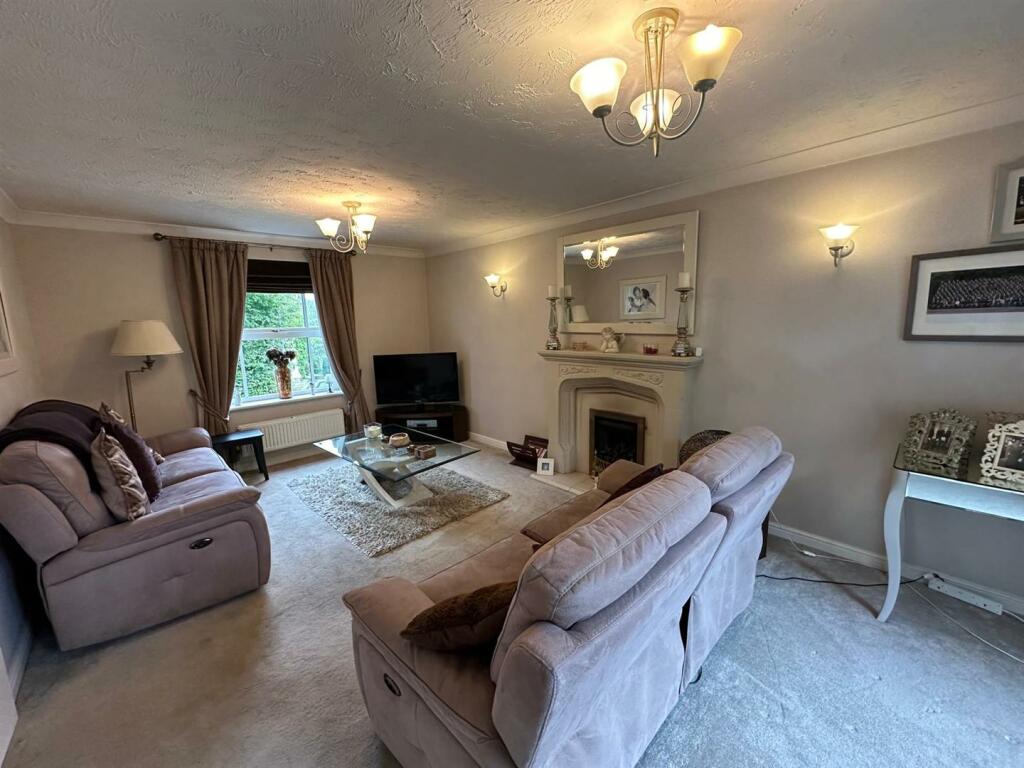 Additional property image - Swan Avenue, Gilstead, Eldwick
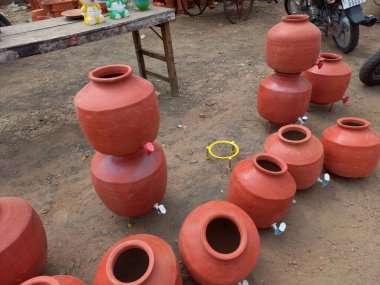 Kil çömlek, matka, kil işçiliği, ghada, jaipur, rajasthan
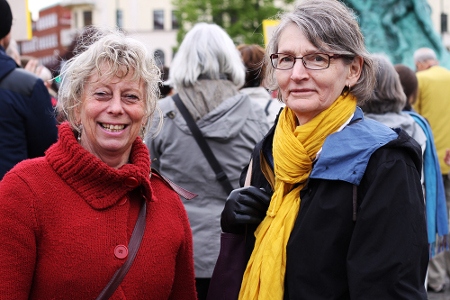 Elisabeth Olin och Margit Berg Olsson från grupp 216.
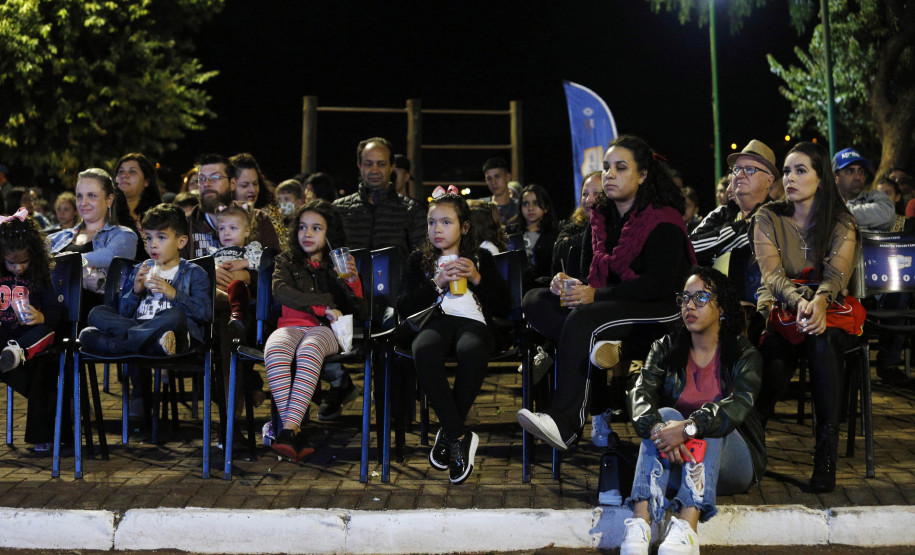 Ivaiporã recebe a primeira edição do Cinema na Praça com alegria e entusiasmo
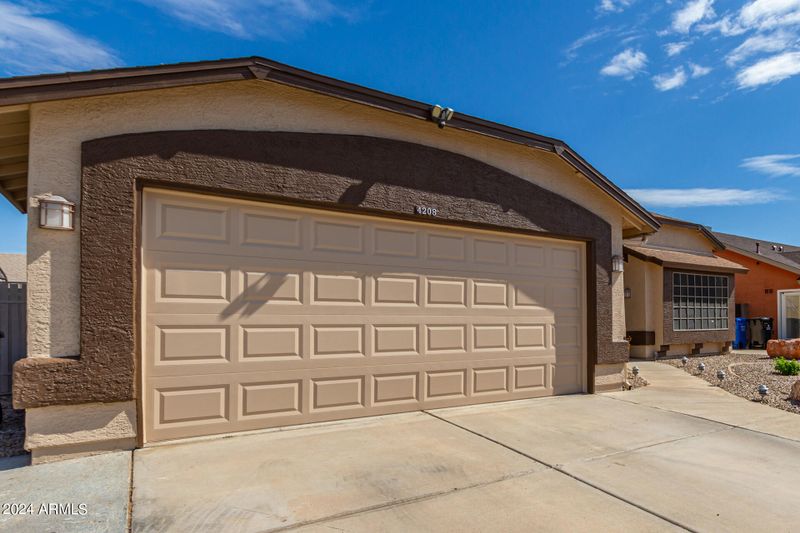 4208 W Whispering Wind Dr, Glendale, AZ 85310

**Task statement**
The output is the lines from the start of the data above through the line containing "Ivaiporã recebe a", unchanged, with any picture left out.

**Response area**
 Additional property image - Swan Avenue, Gilstead, Eldwick
 Kil çömlek, matka, kil işçiliği, ghada, jaipur, rajasthan
 Elisabeth Olin och Margit Berg Olsson från grupp 216.
 Ivaiporã recebe a primeira edição do Cinema na Praça com alegria e entusiasmo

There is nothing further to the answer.